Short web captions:
====
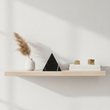 Salmo Marble Pyramid Ornament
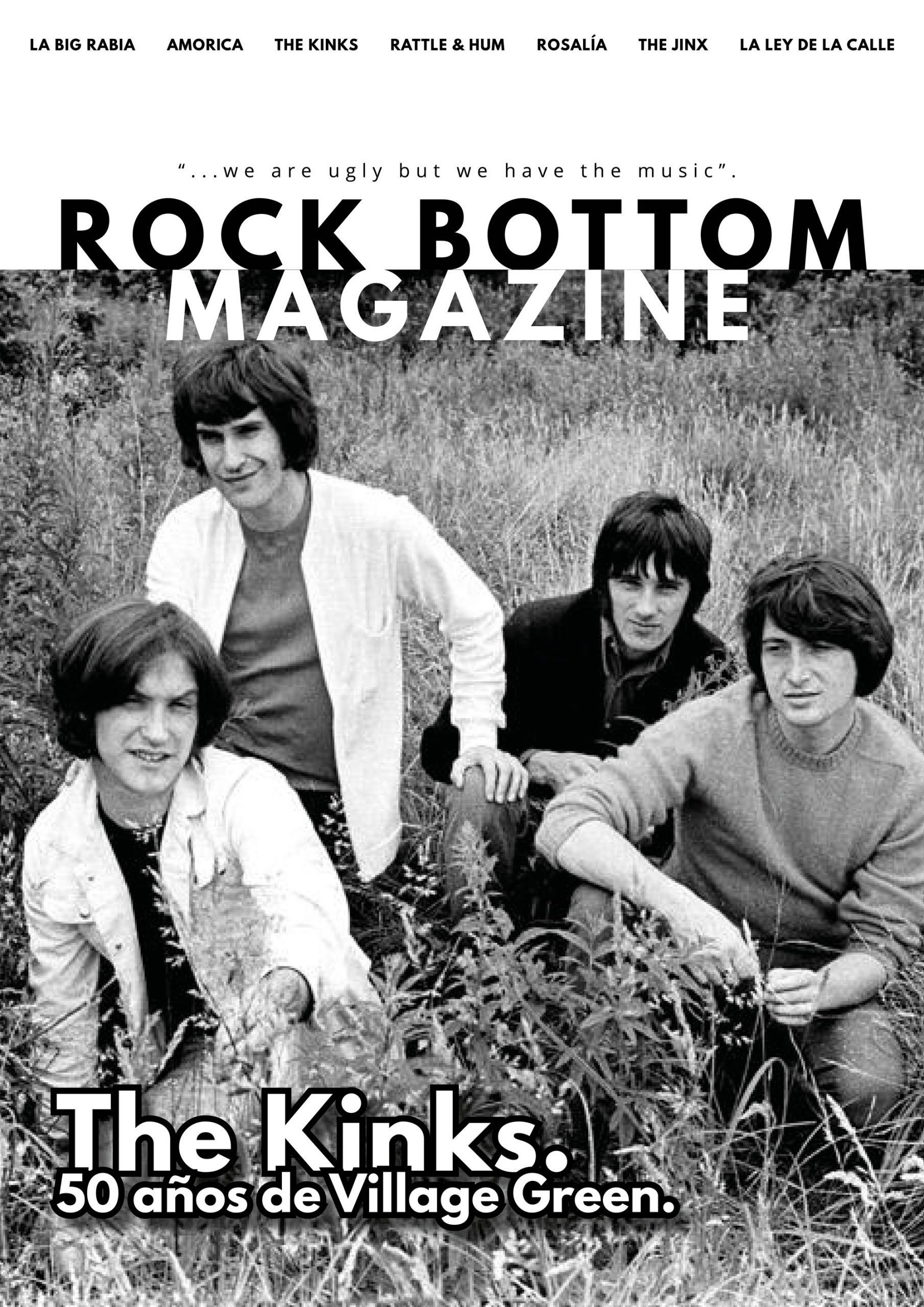 Portada numero 7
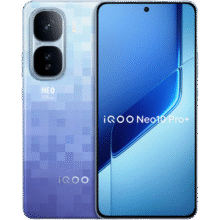 vivo iQOO Neo10 Pro+ 16+5122861.51元（晒单返20元京豆后）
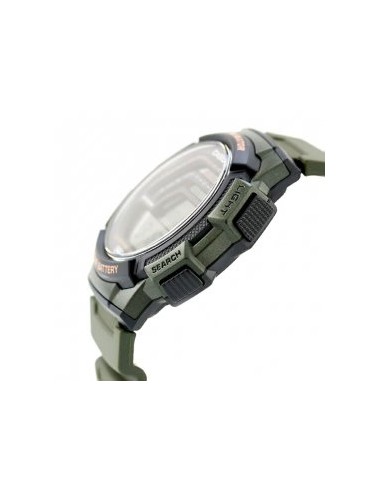 Reloj CASIO COLLECTION WS-1800-3AVEF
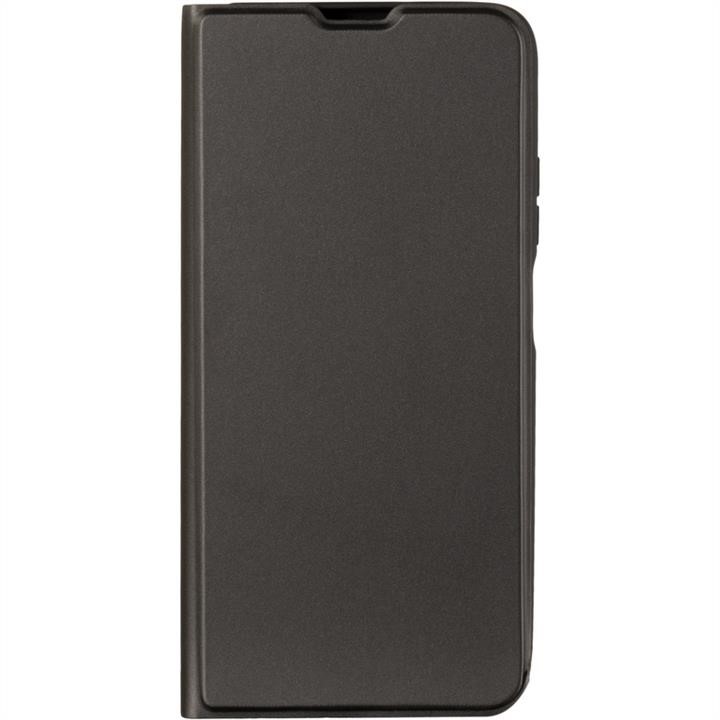 Gelius 00000088904 Book Cover Gelius Shell Case for Samsung A013 (A01 Core) Black 00000088904: Купить в Украине - Отличная цена на EXIST.UA!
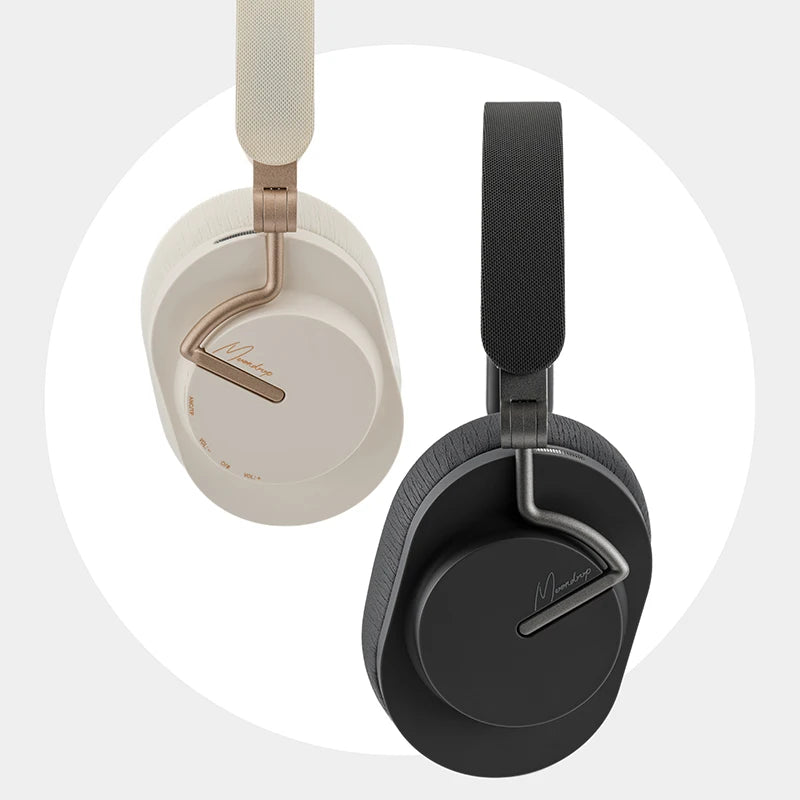 Moondrop Edge Wireless ANC Headphone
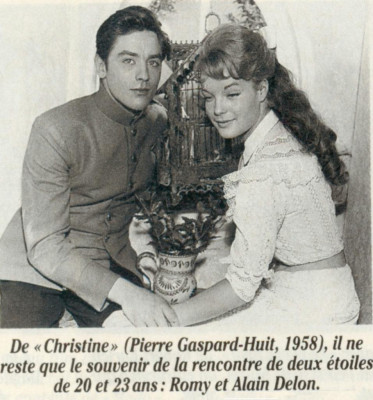 Alain Delon pic #357318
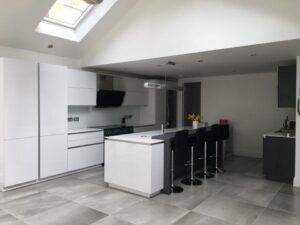 Kitchen Fitters Eastleigh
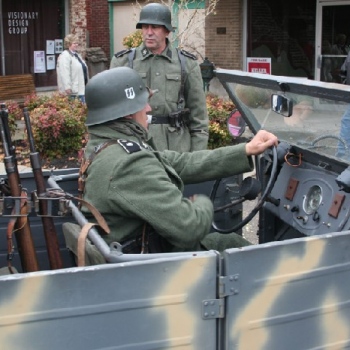 Reenactments |  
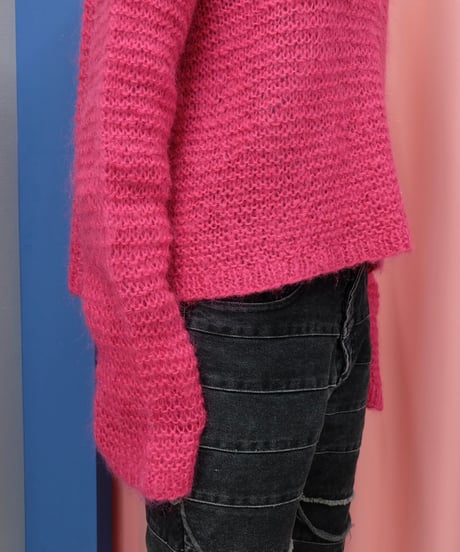 Vintage   Design Knit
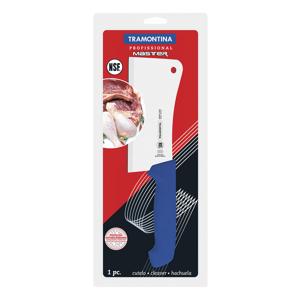 Топор Professional Master 153мм/291мм синий в блистере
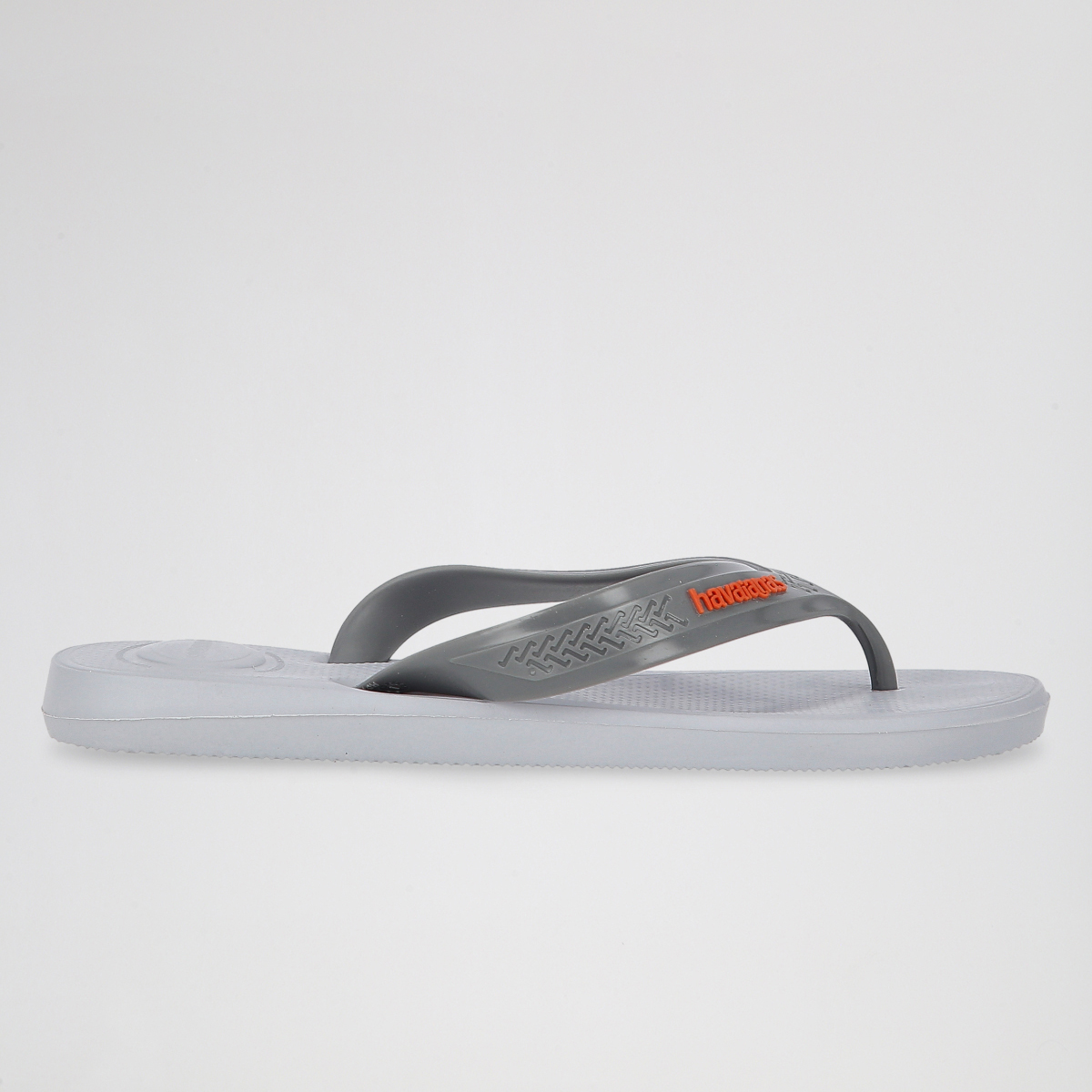 Ojotas Havaianas Top Max Confort Goma Hombre,  image number null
====
_WHAT IS NEEDED_
Please give the records again word for word, omitting all images.

_OUTPUT FOR THIS TASK_
 Salmo Marble Pyramid Ornament
 Portada numero 7
 vivo iQOO Neo10 Pro+ 16+5122861.51元（晒单返20元京豆后）
 Reloj CASIO COLLECTION WS-1800-3AVEF
 Gelius 00000088904 Book Cover Gelius Shell Case for Samsung A013 (A01 Core) Black 00000088904: Купить в Украине - Отличная цена на EXIST.UA!
 Moondrop Edge Wireless ANC Headphone
 Alain Delon pic #357318
 Kitchen Fitters Eastleigh
 Reenactments |  
 Vintage   Design Knit
 Топор Professional Master 153мм/291мм синий в блистере
 Ojotas Havaianas Top Max Confort Goma Hombre,  image number null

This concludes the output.